Mining operations at the Metropolitan Colliery commenced in March 1886, accompanied by an official ceremony to mark the turning of the first sod for the sinking of the No1 shaft. The shaft struck the coal seam on 14 March 1888. The plans to open a mine followed The Cumberland Coal Company being granted a long term lease of 18000 acres (6020 ha) of Crown land in the Parish of Heathcote, and in 1883 commence the sinking of a number of prospecting boreholes. In November 1884 the results of this prospecting confirmed that the coal seams being successfully mined in the Illawarra to the south were present below the surface and a site nearby Camp Creek was chosen as the site to sink two shafts and develop a mine. The capital funding required to open the mine were raised in England, after attempts in Australia were unsuccessful. The Metropolitan Coal Company was floated in London in 1886 with a Directorate of the Company based in Sydney. In 1886 the Metropolitan Coal Company was registered in Sydney.
The mine site was located 28 miles (45 km) from Sydney. The Sydney to Wollongong rail line was under construction nearby at that time, and would provide the opportunity to deliver coal by rail to markets that could include the State railways, visiting shipping and customers in the Sydney area.
Sinking of two vertical shafts commenced in 1886 and the No1 or Bulli Seam was intersected by the No1 Shaft in March 1888 at a depth of 1095 ft. (335 m) with the No2 Shaft reaching the seam in 1889 after intersecting a 220 ft. (60 m) fault lying above the Bulli seam that was to delay the completion of the sinking and providing a roadway linking the two shaft underground. Orders were placed overseas for the supply of the major plant and included shaft headframes and winding engines, steam power plants, mine roadway haulage engines, mine ventilation fans. Work commenced on the construction of a spur line to the passing Sydney to Wollongong rail line, rail wagon handling loop lines and shunting areas along with surface and administration buildings.
A daily production of 40 to 50 tonnes of saleable coal was achieved during 1888 and whilst the coal was very easy to mine and explosives were not required, the seam was very gassy, and all underground employees were provided with locked oil flame safety lamps. At the start of mining in 1889, 74 men were employed and production for that year reached 14,500 tons. In 1893 the men employed had increased to 331 and the mine recorded an annual production of 194,500tons.
The mine was the first in Australia to encounter the outbursting of gas from the seam when a high pressure pocket of carbon dioxide and/or methane gases, resulted in the deaths of 3 men in June 1895. Further outbursts led to both fatal and non fatal injuries to miners and pit ponies from suffocation. Outbursting became a feature of this mine whilst ongoing preventative measures were researched, trialled and adopted. (Outbursts accounted for the death of 7 men at the mine, 3 in 1896, 2 in 1925, and 2 in 1954.)
As the mine developed electric generating plant was installed to satisfy the mines increased needs for electric power and to supply, for a time the township of Helensburgh and the nearby Waterfall Sanatorium.

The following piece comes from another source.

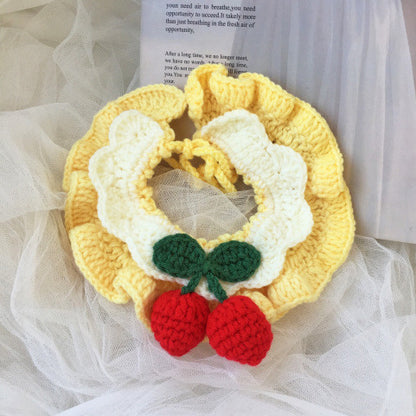 可爱猫咪围脖宠物狗狗围嘴樱桃花朵手工毛线项圈针织围巾装饰品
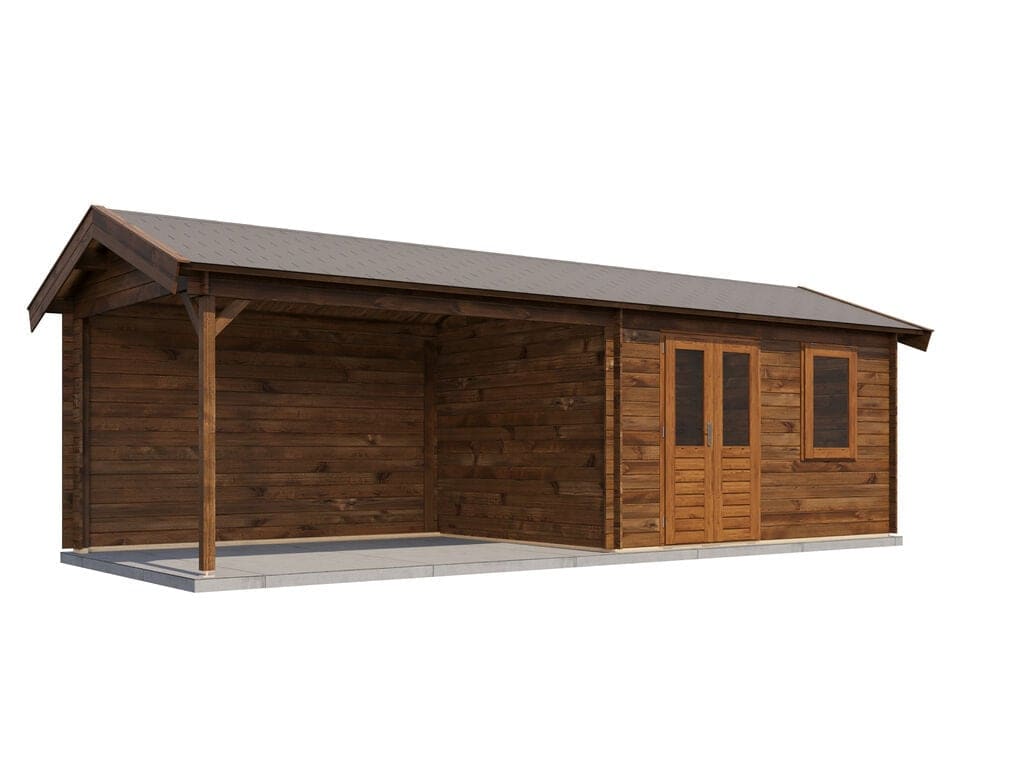 Lugarde Select Blokhut met Overkapping Voorst 400x300cm + 400cm - Behandeld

The Contract system of mining ceased in 1951 and the progressive introduction of the mechanised mining equipment, that began in the 1950’s followed. The Shaft skip winding coal haulage system was replaced by the driving of an inclined drift from the surface to underground. A seam to surface Conveyor belt coal haulage system and rail track system, supported by a direct rope haulage was installed for transporting Personnel and Materials in out of the mine.
A Coal Preparation Plant was erected in the late 1950’s. The plant has been the subject of a number of major upgrades and continues to operate at this time. During the AI&S ownership of the mine washed coal from the plant was purchased by the BHP Newcastle Steel Works for Coke making.
The mine was purchased by AI&S in 1965. A major refurbishment of the mine site was undertaken as part of plans to increase the production capacity of the mine and improve the existing mine facilities. This work included an upgrade of the mines power supply system and the No2 Shaft Koepe Personnel Winder. The mine surface working area was increased by infilling and providing the drainage of a valley crossing the surface area, constructing a covered access way from the Bathroom/Lamp Cabin/Mine Office complex to the Drift Portal area, and addressing the environmental issues related to the mine site.
A ventilation shaft was sunk in the south western area of the mine lease in 1976 and a modern Mine Ventilation Fan installed to support the increased underground ventilation needs of the mine.
Several changes in the ownership of the mine followed the AI&S sale of the mine in 1987.These changes including a reduction in employees and on several occasions a doubtful future for the continued operation of the mine.
In 1995 the owners at that time, introduced the Longwall system of mining. This method of mining brought with it the need for careful consideration of the covering surface areas, natural and manmade features, water storage dams and their catchment areas, roadways and adjacent streams and water ways.
The mine has experienced over its very long life a succession of owners, and is currently owned and operated by the Peabody Energy Company who purchased the mine in 2007.